MADRID – Normally at this time of year, the centre of Madrid gets ready for a large influx of traffic. However, the transhumance traffic has 4 legs and not wheels!
The Fiesta de transhumance began in 1994 to pay homage to the area´s rural heritage. It uses a medieval rule which allows shepherds the right of way through the city with their animals. Madrid sits on an ancient migration route where shepherds historically moved their sheep to the north in the summer and south in time for winter.
The move to the north for the summer months took place in May this year.
Traditionally, farmers from the high mountains in the north of Spain move their livestock before the harsh winter sets in. They travel to the warmer areas in the southwest of Spain. Here they remain for the winter.
Each year, in Spring and Autumn, a ceremony takes place at the city hall between the mayor and the chief herdsman. A nominal fee is paid which allows the safe passage of the livestock through the city.
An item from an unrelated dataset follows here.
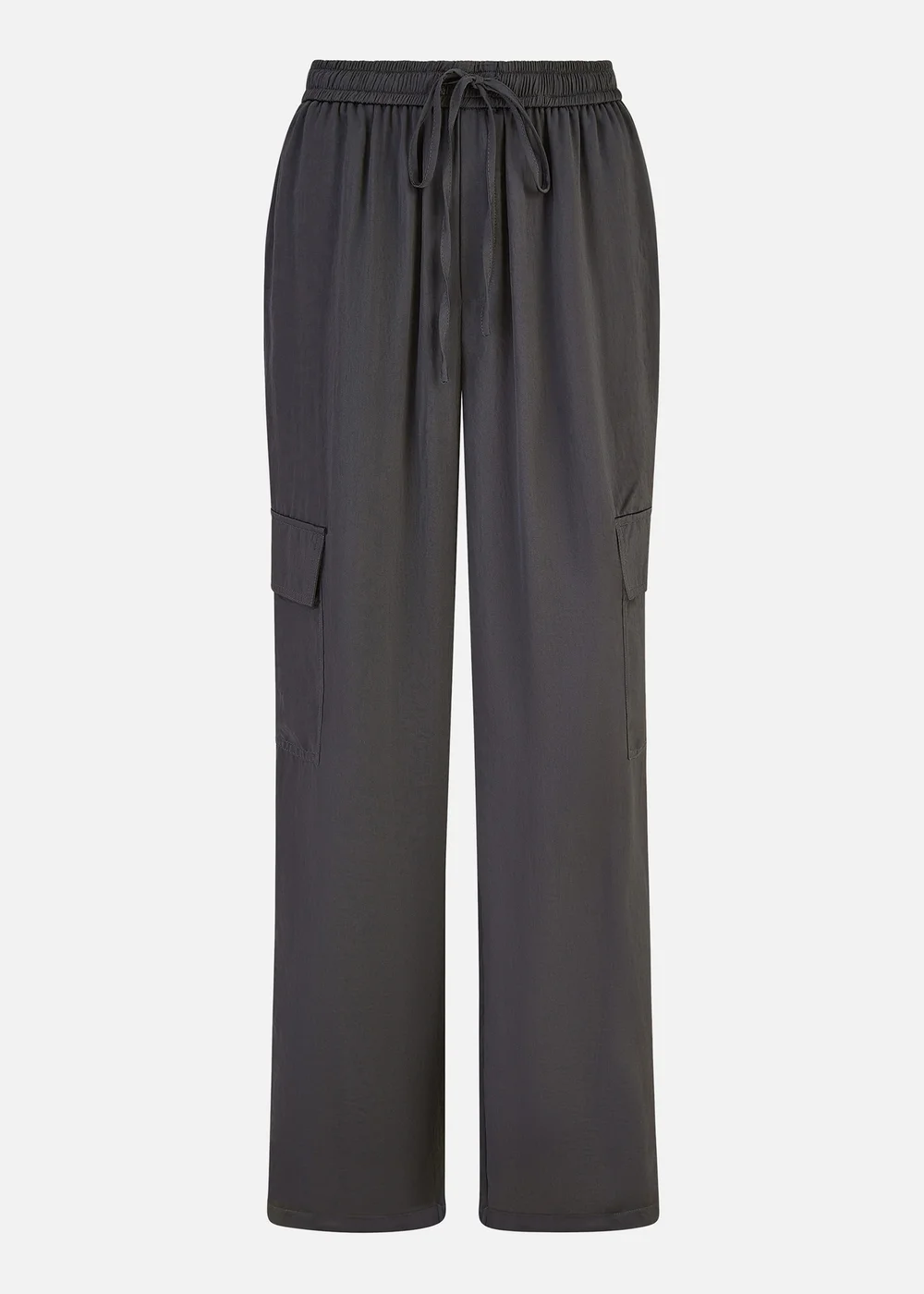 Yumi Grey Cargo Trousers - 8 Image 3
The ruling dates to an agreement made in 1418 where the price of 50 coins per thousand livestock was the payment made for the traffic of the animals.
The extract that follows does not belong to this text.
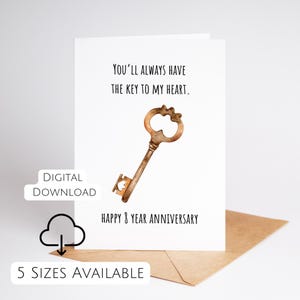 Linda tarjeta de octavo aniversario Tarjeta de aniversario de bronce Tarjeta de octavo aniversario de casados para imprimir Tarjeta romántica para él y para ella Tarjeta de aniversario de bodas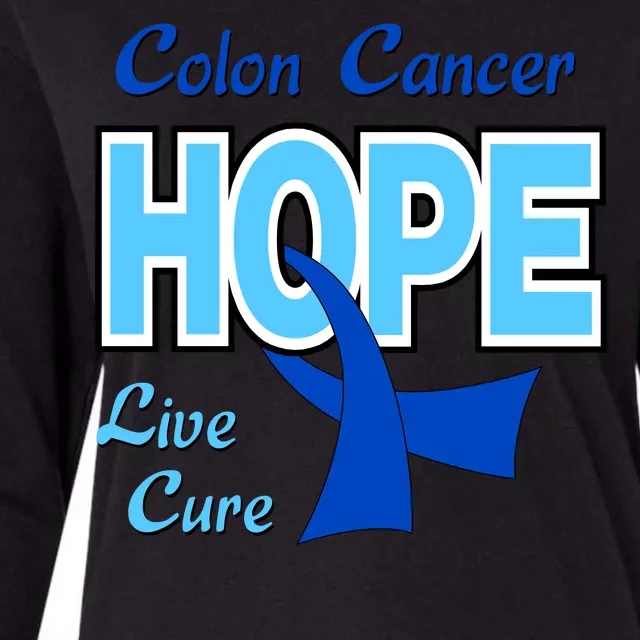 Colon Cancer Hope Live Cure Womens Cotton Relaxed Long Sleeve T-Shirt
Nowadays, however, it is also a festival. Some herdsmen will wear traditional clothing. And many of the animals will have bells on to add to the somewhat noisy atmosphere. There are usually over 2,000 animals.
The event begins mid-morning from Casa de Campo Park. And from there, the livestock and their herders make their way to the city hall for the payment ceremony. They then continue their journey to spend the winter or summer.